The thing is, that as 2015 moves on and technology changes, it becomes a little less easy to define.

Let’s start at it’s most basic definition. Oxford Advanced Learner’s Dictionary defines elearning as:

Learning conducted via electronic media, typically on the Internet

That seems pretty straightforward. Let’s look at another definition. This one is from Cambridge Dictionary: They define elearning as:

Learning done by ​studying at ​home using ​computers and ​courses ​provided on the internet

I have some problems with the Cambridge definition. Namely that they assume that the elearning is done at home and on a computer. These days, this is becoming less and less likely.

So if we use that Oxford definition, it opens up the doors to more than simply the online courses that we are familiar with. That being said..

What is Elearning?

People can learn things online a variety of different ways. There is everything from step-by-step tutorials on how to accomplish a task. There are also countless how-to YouTube videos. I’ve used these myself and found them very helpful when it came to basic car maintenance.

However, just because these examples can be used as a form of online training, that necessarily make them elearning. I would say no and this is why.

At its most basic, the distinguishing features of elearning are:

  • They are accessed online
  • They provide a sense of progress
  • They transfer knowledge

There could be the argument that the emanuals we produce don’t fall under the umbrella of elearning. However they do because they fulfill these basic requirements by featuring very basic knowledge checks and have the ability to navigate to any point in the course.

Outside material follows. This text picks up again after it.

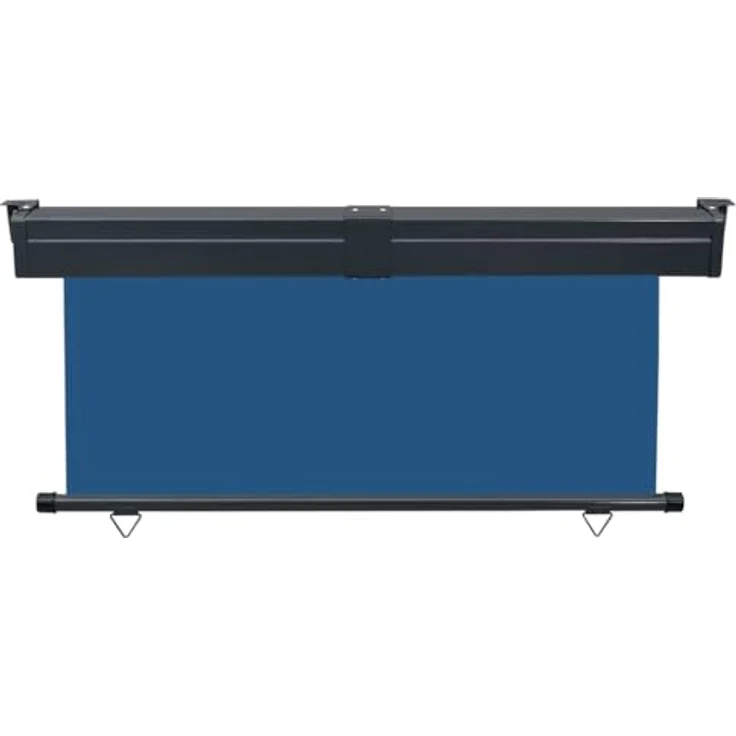 vidaXL Balkon-Seitenmarkise 165x250 cm Blau, Windschutz und Sonnenschutz, UV-beständig und wasserbeständig – Bild 4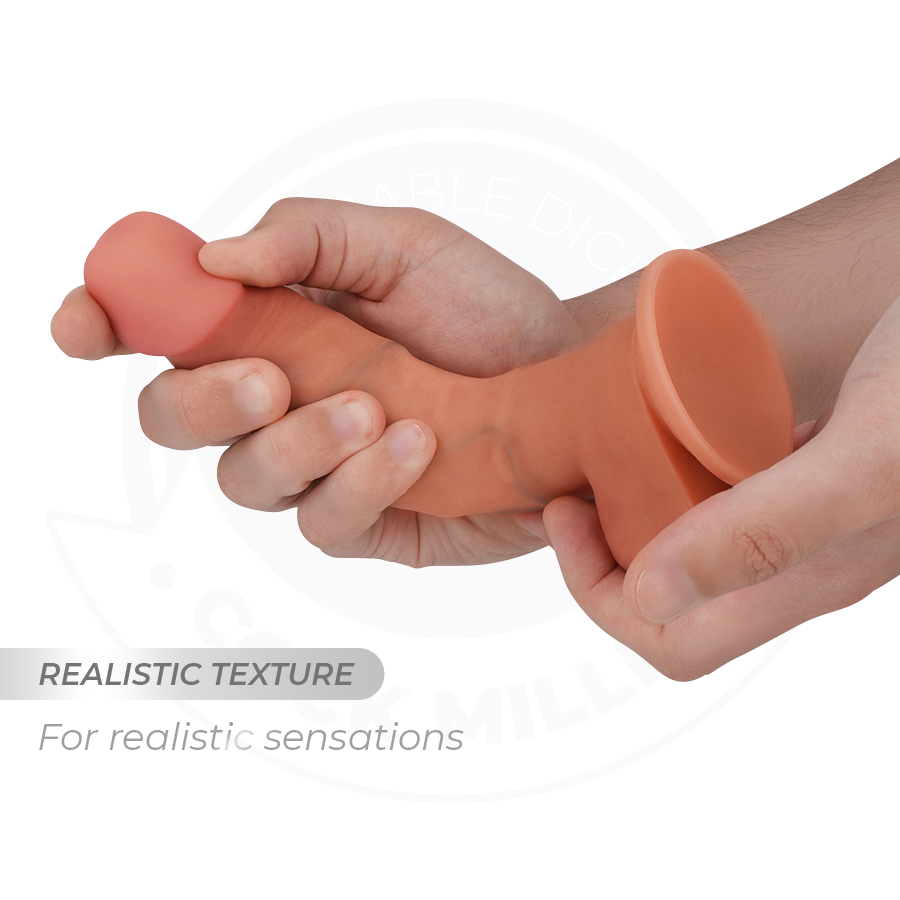 COCK MILLER - HYPERREALISTISCHER, ARTIKULIERBARER DILDO 17,8 CM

Contrast that with the elearning that we know that can include role-playing scenarios; a variety of question types, and gamification elements.

But this is 2015 and if we look at the definition of elearning there are other things would fall under that definition.

Are Apps Elearning?

The days of SCORM-compliant, LMS-accessed ways of obtaining knowledge and skills are on the wane. The fact of the matter is this, as of 2014 more people are accessing the internet via mobile devices like phones or tablets than they are desktop or laptop computers.

All the courses that we have built over the last few years have been able to accessed via these mobile devices. For very focused learning in a very specific area of learning, more and more people are using apps because they can provide a much better learning experience that elearning courses built using traditional development tools like Articulate Storyline or Adobe Captivate simply can’t provide. That’s not to say these tools can’t build great elearning courses they can and they do. It’s just that are confined by the type of data that their Learning Management System (though SCORM or the Tin Can API) can collect.

What an app like Duolingo does for instance is to forgo the LMS altogether because of these constraints to provide a fun, and educational way to learn another language through gamification, rewards, and progress that a traditional elearning courses is unable to.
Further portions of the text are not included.